Haul away the hardware, peel off the software, rinse off the mystique and you see what the people who manage data really are: They’re librarians. That’s the role IT workers should model themselves on.
I’m not talking about technology. I don’t care what tools anyone uses. Whether we’re talking about bound paper known as “books” or bits magically transmitted over “wi-fi,” I don’t care. It doesn’t matter.
I know, the comparison may seem harsh. Librarians are said to shuffle silently among musty old books that no one ever reads. Or, as my friend Karen Schneider puts it, they’re “some misguided brontosaurus snuffling in the antediluvian biblioforest.”
She’s director of the Cushing Library at Holy Names University, just across the bay from San Francisco. She’s one of the actual librarians who resist a trend among some in her profession. They want to run libraries like traditional information technology departments. They’ve been seduced by the old mystique — which in the business world has worn thin.

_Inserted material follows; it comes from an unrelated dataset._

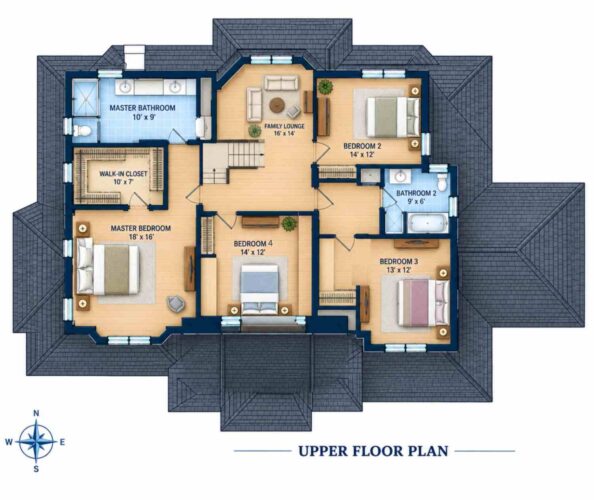 Upper Floor Blueprint of the House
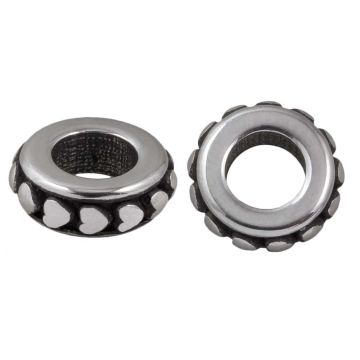 Edelstahl Perlen Großes Loch (10 x 3.5 mm) Altsilber (1 Stück)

You know the complaints: IT guards its data like gold bullion instead of serving it to those who can create value with it. It tries to shop its way out of problems. Only the initiated may enter.
Why anyone would want to emulate that, I don’t know. Yet apparently, from what she wrote last week in her blog Free Range LIbrarian, this trend has legs among some who manage libraries.

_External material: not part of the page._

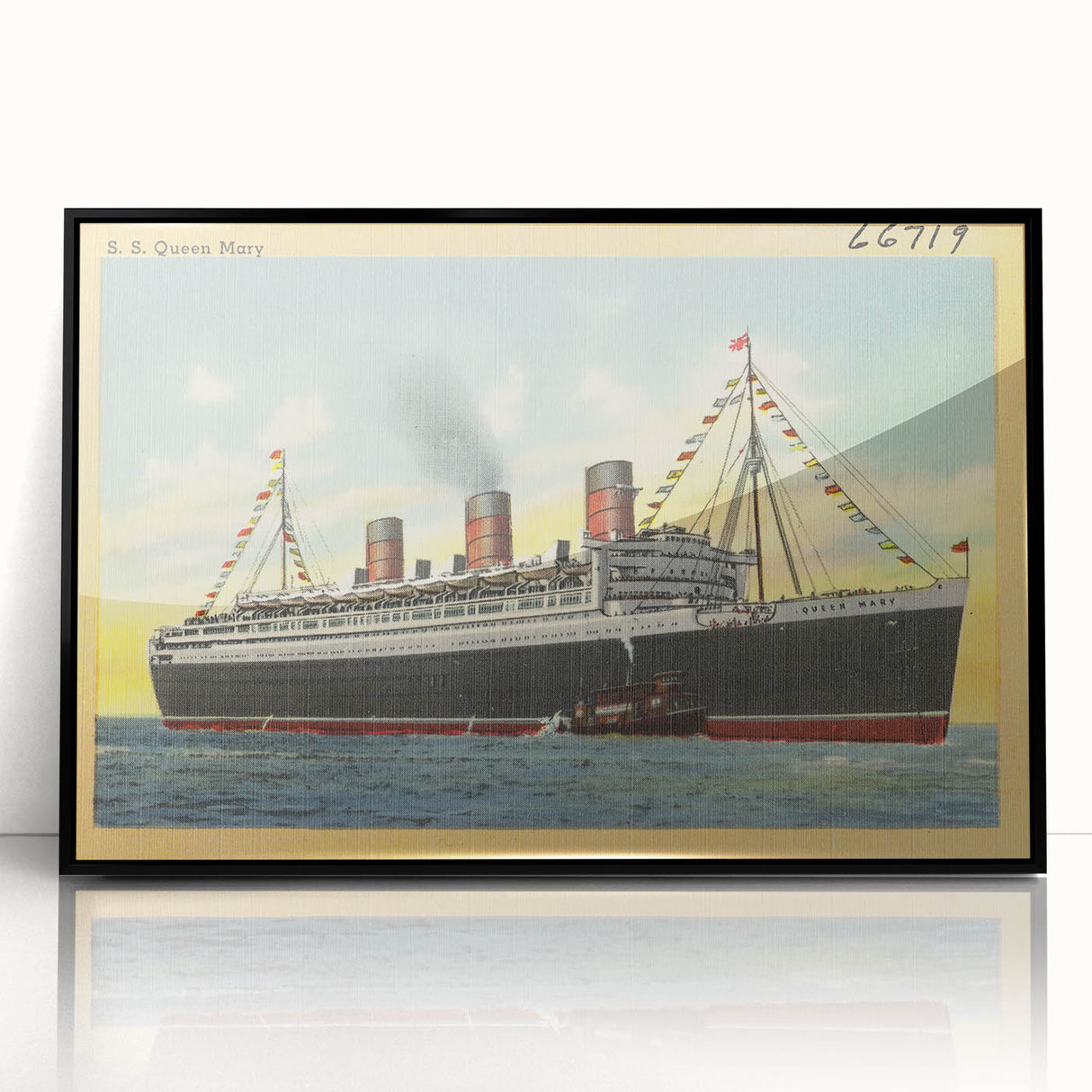 S.S. Queen Mary Poster – Vintage Ocean Liner Travel Art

That trend seems idiotic when you realize what a well run library is all about. Substituting just a few words, you can see a philosophy for IT in the one she describes for librarians:
In the end, what matters, and what we are about, are the ancient truths of librarianship: organizing, managing, making available, preserving, and celebrating the word [data] in all of its manifestations; helping our users build skill sets the fundamentals of which (if not the ephemeral details) will last a lifetime [a fiscal year]; and celebrating and defending the right to read [analyze], however that word is interpreted. This is what we do. This is who we are. This makes us librarians.

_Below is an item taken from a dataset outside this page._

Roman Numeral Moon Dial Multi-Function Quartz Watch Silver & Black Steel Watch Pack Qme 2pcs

Librarians and IT workers, that is. Does technology really make anything new? I say that, fundamentally, nothing is new but the tools.
Michael W Cristiani says
Ted and Dan,
Now, I ride the bus daily with a number of librarians. They talk very passionately and without filters about what they do. Ted, your analogy is apt. Dare I suggest training and education in library science would serve the data analyst well. Indeed, the hard core data analysts I know who have been librarians are quite uniquely qualified; they think, eat, sleep, and bleed schemas, query optimization, and open data, all to our benefit and enrichment!
As always,
MANY BLESSINGS!
Peace and All Good!
Michael
Ted Cuzzillo says
Michael, that’s a good observation about the hard core data analysts who have been librarians.
Dan Murray says
Now – a good librarian (that really understood schema/query optimization/teaching/sharing) would is a very valuable asset.
Ted Cuzzillo says
They do. Most may not yet know how to do it with SQL, Tableau, or even Excel. But knowing how to extract specific information (data) for whatever need has arisen is what they’re all about. No? The point is about the concept of the job.